Lovastatin modulates in vivo and in vitro the plasminogen activator/plasmin system of rat proximal tubular cells: role of geranylgeranylation and Rho proteins.

Abstract

Interstitial fibrosis is one of the most deleterious events during the progression of renal deterioration after renal mass reduction. In vivo, hydroxymethylglutaryl CoA reductase inhibitors (HRI) were shown to reduce progression of glomerulosclerosis, but the mechanisms are still unclear. The present study investigates, in vivo, whether lovastatin, a potent HRI, was able to modulate the plasminogen-plasmin pathway, one of the most efficient systems involved in extracellular matrix remodeling, and characterizes in vitro the cellular mechanisms of these effects. Proximal tubules freshly isolated from rats treated for 2 d with lovastatin (4 mg/kg per d) showed increased tissue-type plasminogen activator (tPA) and urokinase (uPA) activities and antigens.

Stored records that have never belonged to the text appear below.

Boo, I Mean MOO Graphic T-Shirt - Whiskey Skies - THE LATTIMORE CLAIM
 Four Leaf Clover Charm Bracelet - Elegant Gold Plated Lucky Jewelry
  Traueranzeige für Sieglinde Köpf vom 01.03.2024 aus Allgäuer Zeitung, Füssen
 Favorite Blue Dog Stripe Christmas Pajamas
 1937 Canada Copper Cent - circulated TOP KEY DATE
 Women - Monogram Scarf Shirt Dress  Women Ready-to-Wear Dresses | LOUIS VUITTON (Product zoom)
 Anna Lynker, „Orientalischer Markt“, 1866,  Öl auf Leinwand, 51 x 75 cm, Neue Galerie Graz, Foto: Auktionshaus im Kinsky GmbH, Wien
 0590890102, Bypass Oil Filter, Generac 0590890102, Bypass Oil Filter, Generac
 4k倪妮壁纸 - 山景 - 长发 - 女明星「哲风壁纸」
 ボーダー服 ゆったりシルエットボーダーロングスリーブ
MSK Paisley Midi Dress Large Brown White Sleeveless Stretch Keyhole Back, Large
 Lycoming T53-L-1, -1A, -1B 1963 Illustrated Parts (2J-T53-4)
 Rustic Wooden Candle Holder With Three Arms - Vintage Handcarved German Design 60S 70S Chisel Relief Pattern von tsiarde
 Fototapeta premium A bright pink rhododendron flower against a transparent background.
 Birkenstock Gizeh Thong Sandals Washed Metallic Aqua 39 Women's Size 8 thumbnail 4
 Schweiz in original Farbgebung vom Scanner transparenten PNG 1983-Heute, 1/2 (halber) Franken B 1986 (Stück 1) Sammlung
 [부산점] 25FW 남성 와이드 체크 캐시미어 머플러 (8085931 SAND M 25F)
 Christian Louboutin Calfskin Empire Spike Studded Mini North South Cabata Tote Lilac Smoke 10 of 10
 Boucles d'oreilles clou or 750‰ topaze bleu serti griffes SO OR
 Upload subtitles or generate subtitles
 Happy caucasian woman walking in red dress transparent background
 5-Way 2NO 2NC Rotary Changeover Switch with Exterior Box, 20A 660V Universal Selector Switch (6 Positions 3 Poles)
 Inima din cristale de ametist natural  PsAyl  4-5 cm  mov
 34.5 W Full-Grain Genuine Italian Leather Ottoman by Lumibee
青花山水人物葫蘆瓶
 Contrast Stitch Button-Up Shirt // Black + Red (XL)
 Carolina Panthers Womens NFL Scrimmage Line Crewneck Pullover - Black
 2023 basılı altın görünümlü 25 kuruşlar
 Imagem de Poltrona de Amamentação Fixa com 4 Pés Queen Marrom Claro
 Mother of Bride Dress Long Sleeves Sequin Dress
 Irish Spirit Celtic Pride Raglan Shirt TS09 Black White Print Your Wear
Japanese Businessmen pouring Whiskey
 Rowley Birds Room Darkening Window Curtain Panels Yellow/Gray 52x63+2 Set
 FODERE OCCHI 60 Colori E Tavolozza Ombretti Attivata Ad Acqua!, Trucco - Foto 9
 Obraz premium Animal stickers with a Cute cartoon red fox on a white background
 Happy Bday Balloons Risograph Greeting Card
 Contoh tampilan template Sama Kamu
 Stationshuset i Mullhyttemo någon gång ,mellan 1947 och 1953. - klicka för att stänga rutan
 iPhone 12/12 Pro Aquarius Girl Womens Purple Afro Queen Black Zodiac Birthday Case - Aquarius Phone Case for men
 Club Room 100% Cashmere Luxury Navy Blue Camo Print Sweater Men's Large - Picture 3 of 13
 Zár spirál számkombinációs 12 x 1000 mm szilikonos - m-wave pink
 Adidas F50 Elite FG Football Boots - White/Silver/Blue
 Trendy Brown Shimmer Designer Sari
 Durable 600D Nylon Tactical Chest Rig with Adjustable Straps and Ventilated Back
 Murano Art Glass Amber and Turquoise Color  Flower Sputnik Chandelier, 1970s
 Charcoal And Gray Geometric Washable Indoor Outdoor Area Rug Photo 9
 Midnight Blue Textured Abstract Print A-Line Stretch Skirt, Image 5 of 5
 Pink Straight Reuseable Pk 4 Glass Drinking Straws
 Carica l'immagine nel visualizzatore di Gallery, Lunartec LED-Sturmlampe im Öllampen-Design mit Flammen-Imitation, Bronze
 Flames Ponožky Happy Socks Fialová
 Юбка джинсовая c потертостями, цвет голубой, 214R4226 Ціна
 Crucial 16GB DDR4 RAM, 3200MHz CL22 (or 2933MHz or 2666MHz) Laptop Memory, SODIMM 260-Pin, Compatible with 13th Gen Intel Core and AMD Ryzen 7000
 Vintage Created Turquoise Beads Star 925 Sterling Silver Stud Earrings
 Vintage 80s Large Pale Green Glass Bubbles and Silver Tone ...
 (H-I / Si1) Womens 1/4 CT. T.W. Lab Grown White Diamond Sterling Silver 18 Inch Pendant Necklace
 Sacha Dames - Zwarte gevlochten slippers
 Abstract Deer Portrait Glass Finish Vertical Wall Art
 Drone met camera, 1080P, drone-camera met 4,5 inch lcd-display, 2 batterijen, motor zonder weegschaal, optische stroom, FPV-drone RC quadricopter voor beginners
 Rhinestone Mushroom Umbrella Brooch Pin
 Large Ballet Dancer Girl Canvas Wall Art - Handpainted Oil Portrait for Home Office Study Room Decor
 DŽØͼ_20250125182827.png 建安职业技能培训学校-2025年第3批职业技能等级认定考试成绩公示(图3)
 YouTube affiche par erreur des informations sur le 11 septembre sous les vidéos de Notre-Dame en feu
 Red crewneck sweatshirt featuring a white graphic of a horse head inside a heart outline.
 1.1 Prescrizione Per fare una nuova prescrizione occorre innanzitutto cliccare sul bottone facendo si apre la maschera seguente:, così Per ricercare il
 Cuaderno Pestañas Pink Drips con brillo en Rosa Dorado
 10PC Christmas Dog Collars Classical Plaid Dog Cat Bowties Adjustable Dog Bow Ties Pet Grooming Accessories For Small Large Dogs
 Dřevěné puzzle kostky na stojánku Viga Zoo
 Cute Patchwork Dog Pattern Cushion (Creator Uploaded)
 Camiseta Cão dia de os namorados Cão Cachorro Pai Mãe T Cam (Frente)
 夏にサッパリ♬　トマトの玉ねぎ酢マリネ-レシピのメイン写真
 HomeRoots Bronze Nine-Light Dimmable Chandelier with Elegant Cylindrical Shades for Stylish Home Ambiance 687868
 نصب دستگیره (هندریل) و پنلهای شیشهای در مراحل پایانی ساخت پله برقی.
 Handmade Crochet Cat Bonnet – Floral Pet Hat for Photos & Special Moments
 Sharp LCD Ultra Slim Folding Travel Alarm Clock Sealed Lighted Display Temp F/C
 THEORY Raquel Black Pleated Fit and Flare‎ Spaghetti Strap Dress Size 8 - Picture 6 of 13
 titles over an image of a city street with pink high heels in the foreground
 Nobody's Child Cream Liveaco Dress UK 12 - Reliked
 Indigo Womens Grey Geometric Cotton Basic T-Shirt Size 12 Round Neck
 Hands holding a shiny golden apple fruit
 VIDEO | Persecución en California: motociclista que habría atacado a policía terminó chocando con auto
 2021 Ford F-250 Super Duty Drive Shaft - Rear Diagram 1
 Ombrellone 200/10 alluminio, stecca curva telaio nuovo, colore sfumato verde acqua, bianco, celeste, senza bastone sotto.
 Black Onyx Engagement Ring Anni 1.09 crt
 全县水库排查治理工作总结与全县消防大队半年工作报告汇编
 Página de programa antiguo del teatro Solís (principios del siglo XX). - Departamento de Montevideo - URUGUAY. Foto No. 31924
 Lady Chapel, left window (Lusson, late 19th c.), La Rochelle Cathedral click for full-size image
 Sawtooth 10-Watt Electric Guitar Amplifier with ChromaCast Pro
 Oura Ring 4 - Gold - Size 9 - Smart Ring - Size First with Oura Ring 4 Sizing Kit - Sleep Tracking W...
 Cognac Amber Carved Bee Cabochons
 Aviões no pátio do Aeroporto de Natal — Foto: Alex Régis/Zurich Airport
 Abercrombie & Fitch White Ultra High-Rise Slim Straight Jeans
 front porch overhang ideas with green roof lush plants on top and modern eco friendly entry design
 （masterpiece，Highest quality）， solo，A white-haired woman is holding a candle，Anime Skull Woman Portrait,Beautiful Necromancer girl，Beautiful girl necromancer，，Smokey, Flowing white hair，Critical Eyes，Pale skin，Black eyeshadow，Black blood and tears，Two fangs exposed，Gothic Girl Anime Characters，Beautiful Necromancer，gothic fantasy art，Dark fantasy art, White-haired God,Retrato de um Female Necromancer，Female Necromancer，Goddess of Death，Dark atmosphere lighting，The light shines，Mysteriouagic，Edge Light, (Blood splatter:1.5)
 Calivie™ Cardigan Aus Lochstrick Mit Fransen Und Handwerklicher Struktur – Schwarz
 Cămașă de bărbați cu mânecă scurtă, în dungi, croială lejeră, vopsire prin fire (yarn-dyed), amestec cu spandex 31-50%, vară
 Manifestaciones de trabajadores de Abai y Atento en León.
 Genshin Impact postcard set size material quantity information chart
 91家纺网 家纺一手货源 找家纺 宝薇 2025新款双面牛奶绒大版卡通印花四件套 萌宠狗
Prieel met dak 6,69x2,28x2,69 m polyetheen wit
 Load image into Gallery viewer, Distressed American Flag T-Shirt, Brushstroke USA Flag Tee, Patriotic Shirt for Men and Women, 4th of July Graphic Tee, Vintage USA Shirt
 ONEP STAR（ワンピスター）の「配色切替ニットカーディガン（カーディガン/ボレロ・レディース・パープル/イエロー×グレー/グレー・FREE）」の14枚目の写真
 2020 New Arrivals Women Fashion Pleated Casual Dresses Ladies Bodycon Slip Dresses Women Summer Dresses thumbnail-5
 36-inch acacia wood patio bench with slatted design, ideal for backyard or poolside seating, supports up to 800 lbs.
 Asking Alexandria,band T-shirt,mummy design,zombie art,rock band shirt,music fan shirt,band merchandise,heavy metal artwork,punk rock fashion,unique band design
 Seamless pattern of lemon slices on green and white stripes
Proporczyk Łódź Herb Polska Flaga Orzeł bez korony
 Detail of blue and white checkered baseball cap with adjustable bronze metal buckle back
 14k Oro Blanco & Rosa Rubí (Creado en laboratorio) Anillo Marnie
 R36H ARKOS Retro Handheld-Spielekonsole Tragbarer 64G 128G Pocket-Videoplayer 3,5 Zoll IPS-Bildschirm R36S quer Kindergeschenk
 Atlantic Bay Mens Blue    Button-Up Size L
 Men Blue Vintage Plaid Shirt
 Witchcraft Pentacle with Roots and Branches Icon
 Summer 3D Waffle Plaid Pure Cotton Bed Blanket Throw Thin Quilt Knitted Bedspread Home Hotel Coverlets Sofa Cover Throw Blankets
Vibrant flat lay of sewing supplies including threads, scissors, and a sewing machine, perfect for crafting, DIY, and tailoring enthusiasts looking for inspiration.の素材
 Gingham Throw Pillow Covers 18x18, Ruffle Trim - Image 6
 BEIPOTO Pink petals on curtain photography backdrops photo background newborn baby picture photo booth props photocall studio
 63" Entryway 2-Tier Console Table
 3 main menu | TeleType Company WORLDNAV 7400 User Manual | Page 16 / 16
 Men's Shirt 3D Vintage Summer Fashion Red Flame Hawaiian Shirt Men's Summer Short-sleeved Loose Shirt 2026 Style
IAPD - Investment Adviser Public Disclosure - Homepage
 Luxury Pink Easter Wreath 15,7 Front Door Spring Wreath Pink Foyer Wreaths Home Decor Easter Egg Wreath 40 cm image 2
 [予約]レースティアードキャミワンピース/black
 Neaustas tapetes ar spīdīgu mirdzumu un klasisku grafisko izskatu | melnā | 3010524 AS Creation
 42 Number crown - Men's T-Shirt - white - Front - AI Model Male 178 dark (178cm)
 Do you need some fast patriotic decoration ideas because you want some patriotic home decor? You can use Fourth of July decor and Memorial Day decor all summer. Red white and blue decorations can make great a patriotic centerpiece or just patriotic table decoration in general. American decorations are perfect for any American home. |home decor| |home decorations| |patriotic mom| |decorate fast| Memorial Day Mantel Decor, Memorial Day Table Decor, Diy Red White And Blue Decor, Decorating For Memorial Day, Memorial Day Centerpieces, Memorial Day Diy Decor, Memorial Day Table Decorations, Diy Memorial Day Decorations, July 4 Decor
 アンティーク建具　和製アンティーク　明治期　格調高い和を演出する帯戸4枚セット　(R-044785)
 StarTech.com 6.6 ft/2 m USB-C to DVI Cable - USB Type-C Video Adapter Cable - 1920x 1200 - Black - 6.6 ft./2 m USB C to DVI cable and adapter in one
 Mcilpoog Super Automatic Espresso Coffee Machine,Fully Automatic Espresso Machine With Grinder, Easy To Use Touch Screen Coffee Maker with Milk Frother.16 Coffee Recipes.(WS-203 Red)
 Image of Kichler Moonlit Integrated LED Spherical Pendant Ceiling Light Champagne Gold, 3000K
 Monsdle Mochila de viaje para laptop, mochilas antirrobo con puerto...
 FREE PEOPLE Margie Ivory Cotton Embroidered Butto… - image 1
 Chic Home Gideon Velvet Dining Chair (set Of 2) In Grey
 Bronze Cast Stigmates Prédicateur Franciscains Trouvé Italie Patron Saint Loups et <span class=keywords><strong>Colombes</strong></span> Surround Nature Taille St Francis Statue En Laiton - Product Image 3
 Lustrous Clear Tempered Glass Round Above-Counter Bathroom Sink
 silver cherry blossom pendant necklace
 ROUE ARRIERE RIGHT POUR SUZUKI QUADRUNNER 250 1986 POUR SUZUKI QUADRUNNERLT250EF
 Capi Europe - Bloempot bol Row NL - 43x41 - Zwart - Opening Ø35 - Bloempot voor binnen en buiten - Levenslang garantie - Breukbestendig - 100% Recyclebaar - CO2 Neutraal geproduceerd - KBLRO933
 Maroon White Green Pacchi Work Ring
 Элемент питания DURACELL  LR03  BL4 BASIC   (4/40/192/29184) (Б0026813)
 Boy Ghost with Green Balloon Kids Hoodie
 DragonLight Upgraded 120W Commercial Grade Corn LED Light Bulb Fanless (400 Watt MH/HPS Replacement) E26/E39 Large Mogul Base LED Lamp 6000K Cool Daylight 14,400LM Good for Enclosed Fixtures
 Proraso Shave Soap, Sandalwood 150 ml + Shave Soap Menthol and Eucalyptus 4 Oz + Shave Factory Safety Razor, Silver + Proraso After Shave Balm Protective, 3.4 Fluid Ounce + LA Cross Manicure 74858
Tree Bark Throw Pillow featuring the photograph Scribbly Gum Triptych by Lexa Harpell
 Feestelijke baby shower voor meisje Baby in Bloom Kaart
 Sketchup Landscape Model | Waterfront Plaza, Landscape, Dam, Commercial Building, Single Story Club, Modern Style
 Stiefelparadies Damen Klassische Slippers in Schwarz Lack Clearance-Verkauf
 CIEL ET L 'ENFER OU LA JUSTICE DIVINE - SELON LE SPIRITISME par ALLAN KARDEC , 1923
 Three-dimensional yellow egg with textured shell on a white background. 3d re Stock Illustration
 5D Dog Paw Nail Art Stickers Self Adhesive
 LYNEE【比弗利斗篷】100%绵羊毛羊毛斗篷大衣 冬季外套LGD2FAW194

Incubation with lovastatin (5 microM) of proximal tubules isolated from untreated rats induced an increase in tPA and uPA and a decrease in plasminogen activator inhibitor-1 (PAI-1) activities. In vitro, supernatants, cytosols, and membranes of renal proximal tubular cells in primary cultures had no detectable uPA activity, and lovastatin (0.1 to 10 microM) induced an increase in tPA and a decrease in PAI-1 activities and antigens. These effects were reversed by mevalonate and geranylgeranyl-pyrophosphate (GGPP) but not by farnesyl-pyrophosphate or LDL cholesterol. C3 exoenzyme, an inhibitor of the geranylgeranylated-activated Rho protein, reproduced the effect of lovastatin on tPA and PAI- activity and blocked its reversion by GGPP. The effect of lovastatin was associated with a disruption of cellular actin stress fibers, which was reversed by GGPP and reproduced by C3 exoenzyme. In conclusion, HRI can modify the fibrinolytic potential of proximal tubules, most likely via inhibition of geranylgeranylated Rho protein and disruption of the cytoskeleton. The resulting increase of proteolytic activity of tubular cells may serve to prevent extracellular matrix deposition and renal interstitial fibrosis.